# Ray RLlib - Introduction to RLlib

© 2019-2020, Anyscale. All Rights Reserved

![Anyscale Academy](../images/AnyscaleAcademy_Logo_clearbanner_141x100.png)

In the [previous lesson](01-Introduction-to-Reinforcement-Learning.ipynb), we learned the basic concepts of reinforcement learning, with a "taste" of [RLlib](https://rllib.io) and [OpenAI Gym](https://gym.openai.com). This lesson takes a step back to provide more information about RLlib and the features it provides. The subsequent lessons will continue our exploration of RL concepts and RLlib tools.
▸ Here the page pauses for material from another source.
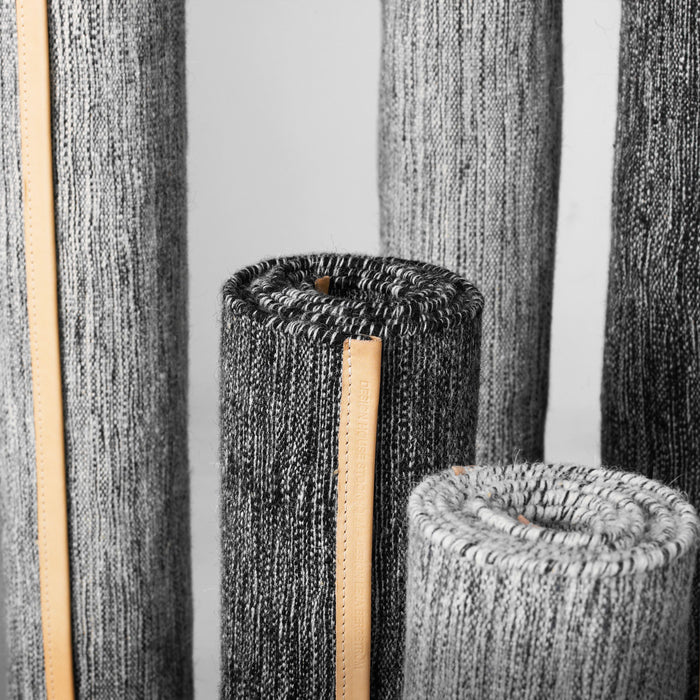 Björk vloerkleed medium donkergrijs 80x250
For more detailed information about RLlib and its open source community, see the following:

* [rllib.io](http://rllib.io) (the documentation)
* [GitHub repo](https://github.com/ray-project/ray/tree/master/rllib#rllib-scalable-reinforcement-learning)

RLlib is structured conceptually like this:

![RLlib Stack](../images/rllib/RLlib-Stack-smaller.png)

The _(1) Application Support_ boxes are components used for particular RL algorithms. The _(2) Abstractions for RL_ provide building blocks used by the many algorithms that are implemented in RLlib (listed below). They also provide hooks for implementing your own algorithms. RLlib leverages Ray for efficient, cluster-wide, _(3) Distributed Execution_.

Let's start up Ray as in the previous lesson:

In [None]:
!../tools/start-ray.sh --check --verbose

## RLlib in 60 Seconds (plus some...)

Here is a fast introduction to using RLlib from a command line, adapted from the [documentation](https://docs.ray.io/en/latest/rllib.html#rllib-in-60-seconds).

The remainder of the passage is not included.